Pretty Inexhaustible


Action Score Generator
, Nathan Walker (if p then q)


Here's an indication that the avant-garde, for want of a more reliable term, can have a sense of humour as well as being exploratory and innovative. Nathan Walker's new book is a splendid tome, 600 poems, a poem per page, each centred in upper case type. Each poem has six lines and the whole text is generated from a random JavaScript code that is featured on Walker's website. I'm unsure of the programming details of such a project as the results are often intriguing and hilarious, certainly stimulating, and the idea that a computer-generated text can be re-formatted into book form - this substantial looking block probably weighs two or three pounds! - has an amusing ironical note as well as a serious aim.

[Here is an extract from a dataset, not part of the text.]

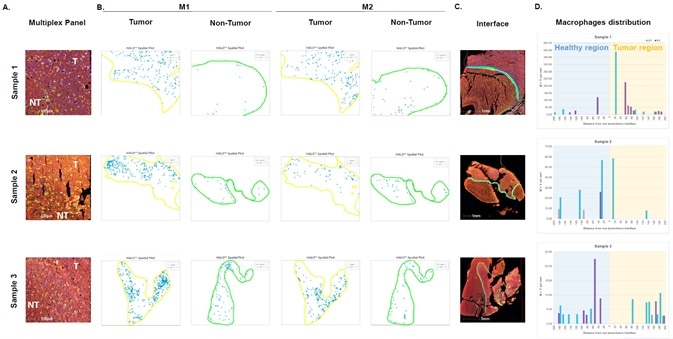 Investigating human glioblastoma tissues using a multiplex panel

Here's an example of the texts, a page opened at random, which seems quite appropriate:

BAGS
AGAINST
BEARD TEAR
ONTO
OBSERVER

FLOWERS BY
STEP PLACE
AGAINST
BACK

In an introductory text on the aims of  if p then q projects, the editor points out that there are three, possibly related, ways of approaching these texts: first, on an immediate level - do you like the poem or not? - with no specialist knowledge of poetry or art necessary; secondly, that the interested reader may then be encouraged to 'dig deeper' and uncover the ideas behind the project but still with no necessary specialist knowledge; thirdly, the approach of a reader who does have a more sophisticated knowledge of art processes and context and will better understand the content and form. This level also allows for the possibility that the stimulated reader in the first two categories may be inclined to research and understand the ideas behind the writing at a deeper level.

This may all seem a little programmatic and indeed contains the potential for satire within its own specifications but it's a fair enough descriptive underlying the processes involved in this kind of material, essentially derived from the practices of conceptual art. What I particularly like about this book - apart from its splendid materiality and bulk - is the fact that there's a lightness to the whole project, a sense of fun about the processes involved and an understanding that while such processes can pose interesting questions about the nature of production, it can be taken and enjoyed on a more immediate level. There is also the sense of the (relative) permanence of the object, in book form, as opposed to the fleeting and kinetic nature of the texts on the website. There's a lot of scope here for thinking about changes in writing practices generated by the online world but the relation between innovation -technical and technological - and tradition, is perfectly encapsulated by this 'whacking great book', generated by a mixture of mathematical precision and chance methods.
The individual texts themselves can be read in a variety of ways - pretty inexhaustibly, I'd say - and have that feel of classic minimalism built into the process itself. Here are another two pages of text - once again I've opened the book at random:

GLASS BELOW
PIERCING DIG
BY GALLERY

TONGUE
ONTO
CLOTHES
ERASE
WITH
TOWN

There's the potential here for a relation between text on the page, text on the screen and text in performance, which feels wonderfully active and stimulating, not something you could say about all 'avant-garde' projects these days.